WHAT YOU NEED TO DO => Which lines run from the one containing "A hotel room with two beds and a chair." through the end of the data? Write them out exactly, with the pictures left out.

Data items =>
■ ■ ■ ■ ■ ■ ■

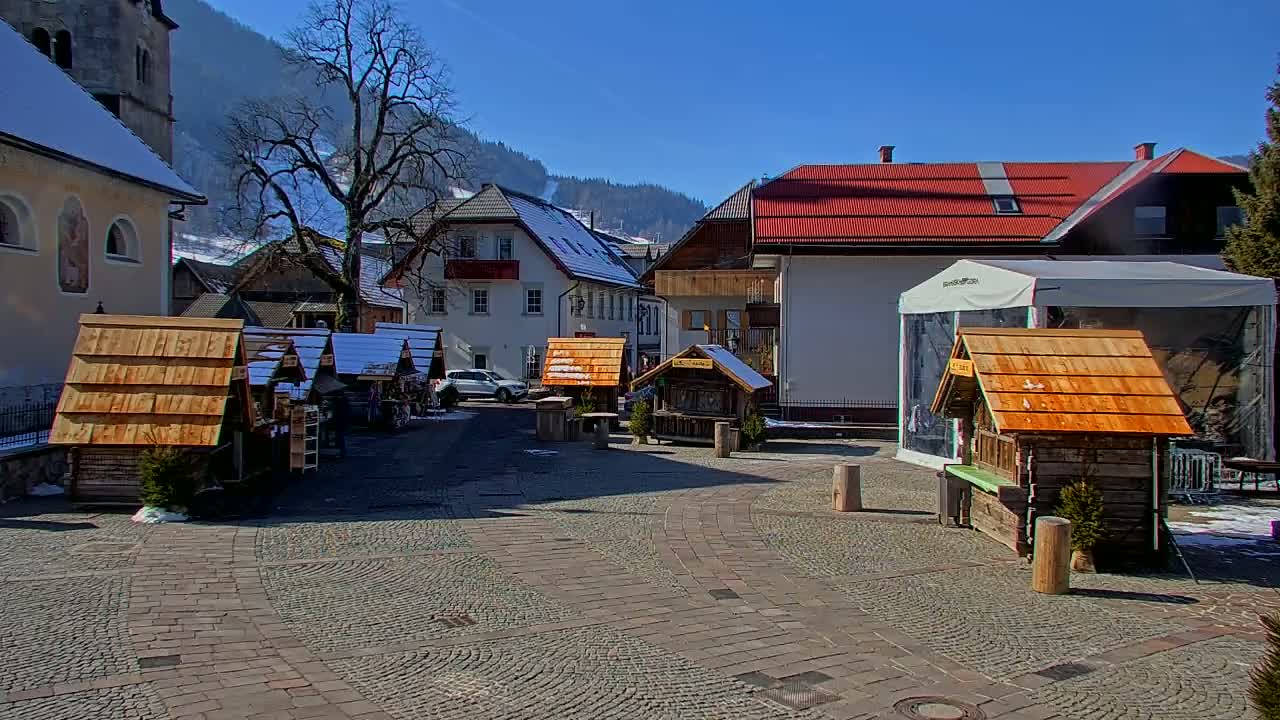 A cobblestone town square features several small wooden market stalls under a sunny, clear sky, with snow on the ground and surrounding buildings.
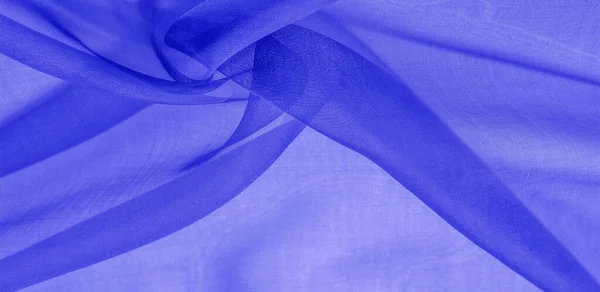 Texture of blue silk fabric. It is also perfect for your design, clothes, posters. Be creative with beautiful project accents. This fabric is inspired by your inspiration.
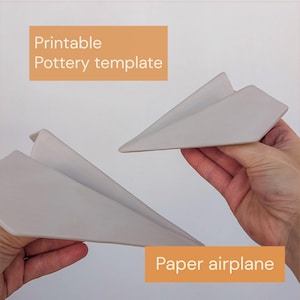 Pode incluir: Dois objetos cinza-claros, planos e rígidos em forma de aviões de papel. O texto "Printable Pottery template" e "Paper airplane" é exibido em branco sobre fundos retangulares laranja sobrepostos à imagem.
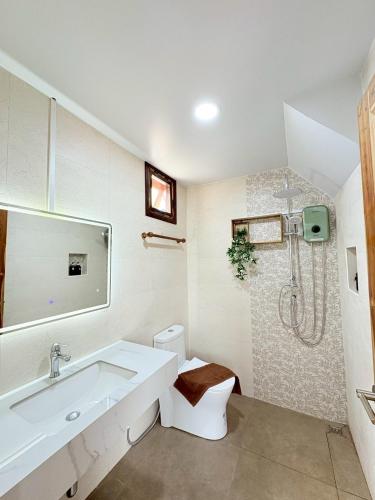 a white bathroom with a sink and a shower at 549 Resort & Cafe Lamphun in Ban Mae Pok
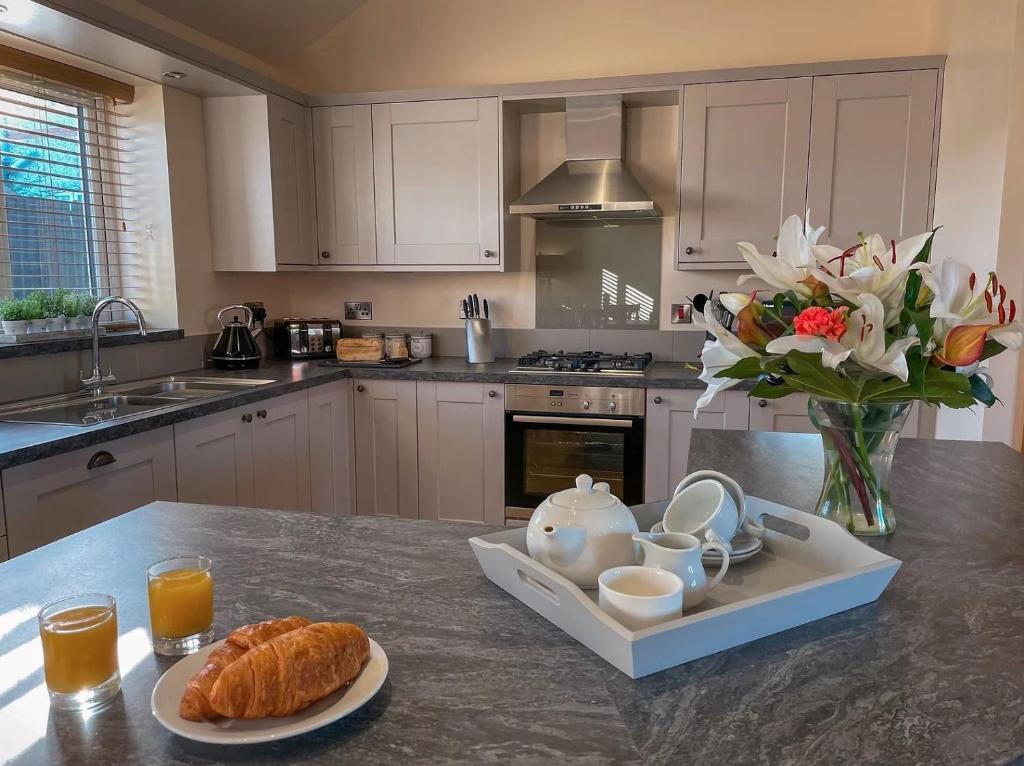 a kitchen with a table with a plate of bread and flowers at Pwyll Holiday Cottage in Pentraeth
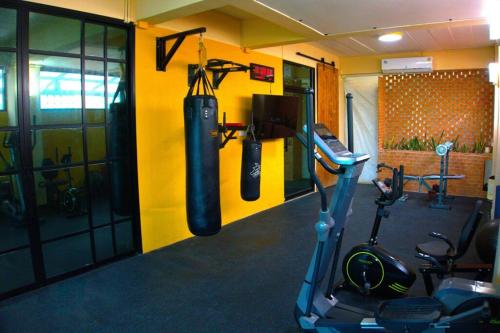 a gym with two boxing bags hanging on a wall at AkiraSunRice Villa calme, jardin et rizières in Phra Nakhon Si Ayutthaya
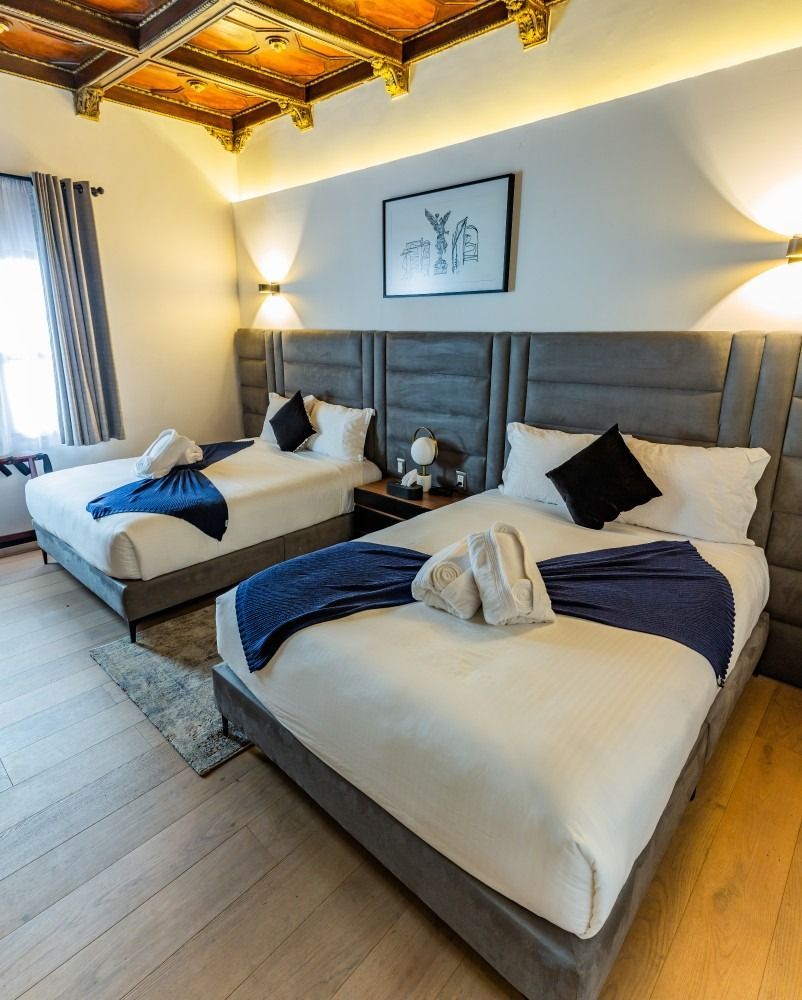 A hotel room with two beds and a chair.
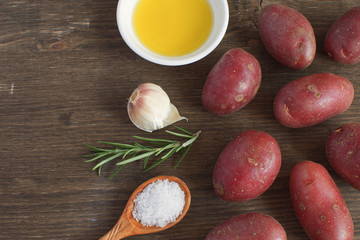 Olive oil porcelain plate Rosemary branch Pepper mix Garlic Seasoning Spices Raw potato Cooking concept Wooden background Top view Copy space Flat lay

■ ■ ■ ■ ■ ■ ■

RESPONSE BELOW =>
 A hotel room with two beds and a chair.
 Olive oil porcelain plate Rosemary branch Pepper mix Garlic Seasoning Spices Raw potato Cooking concept Wooden background Top view Copy space Flat lay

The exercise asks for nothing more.